> Work request
In the copy, include no pictures. Reproduce the rest of the entries exactly.

> Dataset excerpts
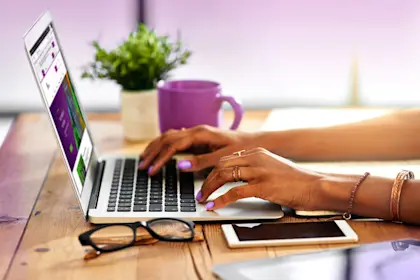 shot of a woman's hands typing on a laptop computer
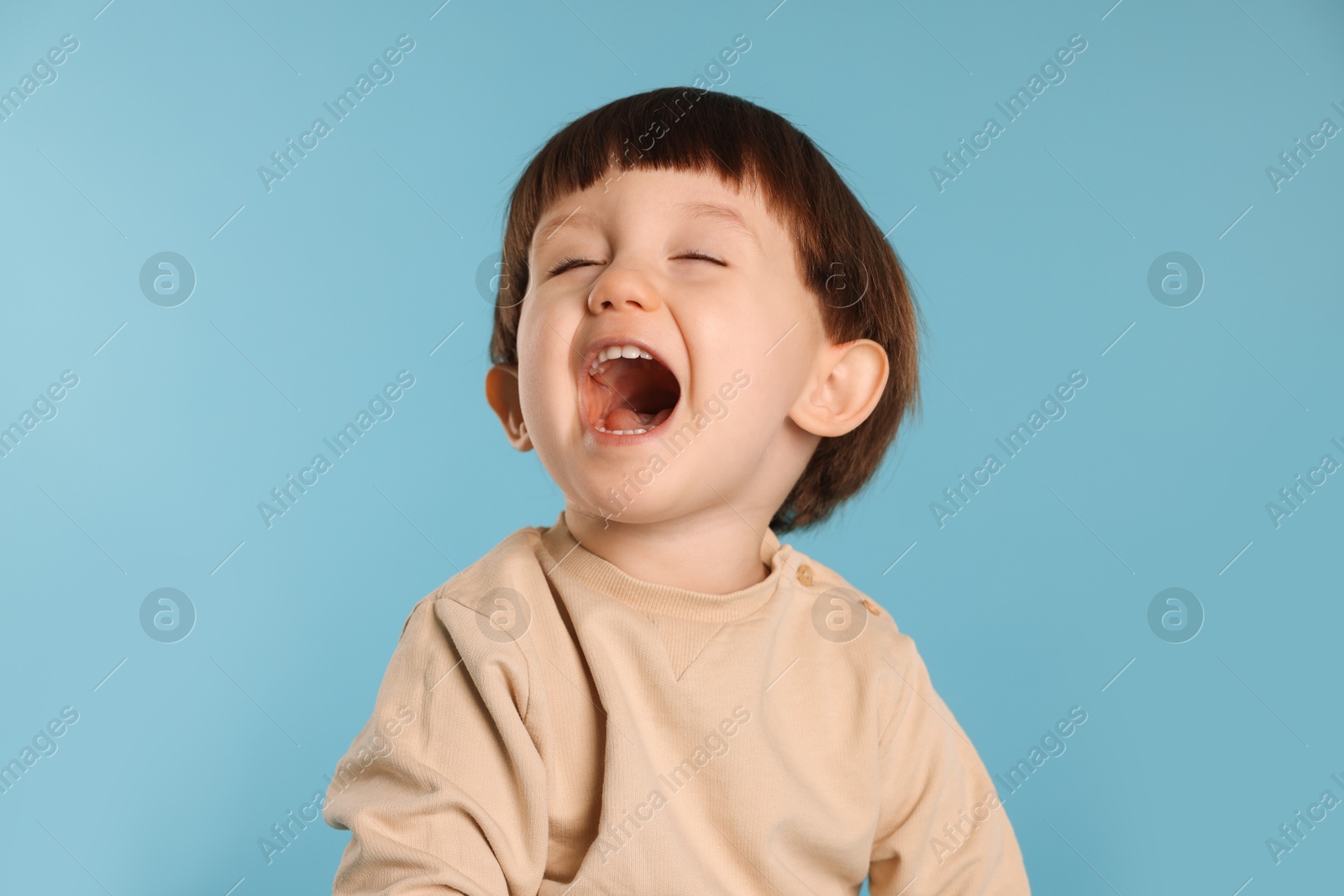 Photo of Portrait of emotional little boy on light blue background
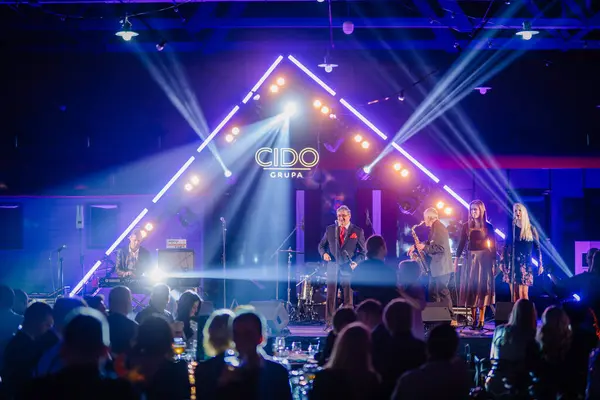 Riga, Letonya - 16 Şubat 2024 - Bir şarkıcı, bir klavyeci ve vokalist de dahil olmak üzere canlı bir mavi sahne ışıklandırmasıyla sahnede bir grup sahne alır..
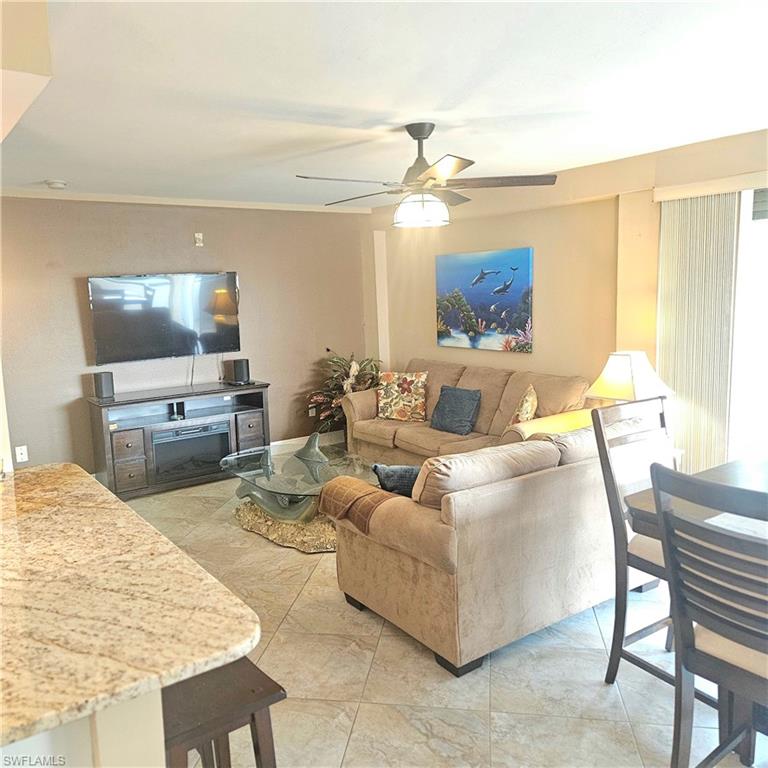 Living room with ceiling fan and light tile patterned flooring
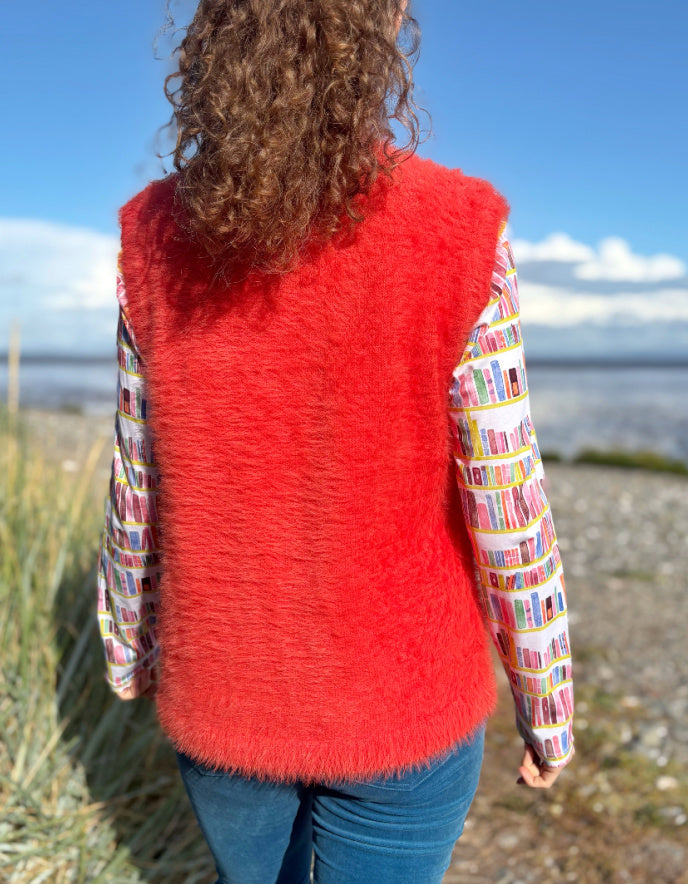 Person wearing an orange fluffy knitted vest over a colourful patterned shirt on a beach.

> Solution to the problem
 shot of a woman's hands typing on a laptop computer
 Photo of Portrait of emotional little boy on light blue background
 Riga, Letonya - 16 Şubat 2024 - Bir şarkıcı, bir klavyeci ve vokalist de dahil olmak üzere canlı bir mavi sahne ışıklandırmasıyla sahnede bir grup sahne alır..
 Living room with ceiling fan and light tile patterned flooring
 Person wearing an orange fluffy knitted vest over a colourful patterned shirt on a beach.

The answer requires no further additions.